Medical practitioners in the public health care system have been given a warning about the problem of pilfering of drugs and medical supplies.
Regional Health Services (RHS) Director Dr Kay Shako has issued the warning in wake of what may have been a trend for years.
Speaking to Regional Health Officers at a retreat, Dr. Shako said the low circulation of critical items for patients happens “because of pilfering” of drugs and medical supplies in the public health sector.
“We know who you are,” Shako said as she warned health professionals and threatened the involvement of the Police.

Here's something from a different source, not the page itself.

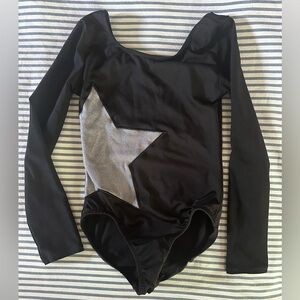 More Than Magic Black and Silver Bodysuit with Long Sleeves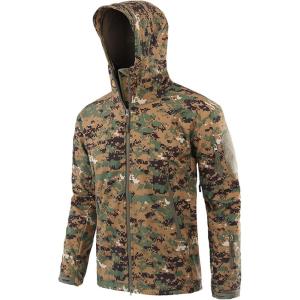 imageFlygo Mens Mens Tactical Camouflage Hooded Outdoor Fleece Coat Softshell Jacket Jungle Digital camo Small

The Director of Regional Health Services also complained about “the piles of expired drugs” in the healthcare system because of poor forecasting by RHOs and in some instances, a delay in the arrival of drugs in the 10 Administrative Regions.
Foregrounding inefficiencies in healthcare delivery, the RHS Director also threatened firm disciplinary measures against some RHOs who are unnecessarily absent from duty.
“Stop the madness” Shako told participants while addressing the issue of absenteeism.
She also chastised some RHOs who she believes are “inelegantly dressed” for work while there are others smoke and/or are drunk on the job.
Minister of Communities, Mr. Ronald Bulkan in his brief remarks lauded Dr Shako for her frank discourse.
The Health Ministry has said that there have been some gains in the region although many problems exist.
For 2017 the Regional Health Services system was able to deploy more than 20 new Community Health Workers (CHWs) to Lethem which is located in the Upper Takutu/Upper Essequibo (Region Nine) area and also in Barima/Waini (Region One).
Shako noted too that 21 Medex were deployed across the 215,000 square kilometres of the country while four medical specialists – a General Surgeon, a Paediatricians, an Internal Medicine expert and a Radiologist – were sent to Region One.
Over the review period, nurses also agreed to take up posts at Barima/Waini; Pomeroon/Supenaam; Essequibo Islands/West Demerara; Mahaica/Berbice; Cuyuni/Mazaruni; Potaro/Siparuni and Upper Takutu/Upper Essequibo.
Shako argued for the salaries of physicians in the public sector to be on par with that earned by doctors employed at the Georgetown Public Hospital Corporation (GPHC) noting that upgrades by the Ministry of Public Health (MOPH) remove much burden from the sole referral hospital in the capital.
The three-day RHS review programme will identify and remove gaps in the healthcare system to help fulfill its theme ‘Collaboratively we build a resilient healthcare system that is acceptable, accessible, timely and appropriate to meet the needs of every person in Guyana’.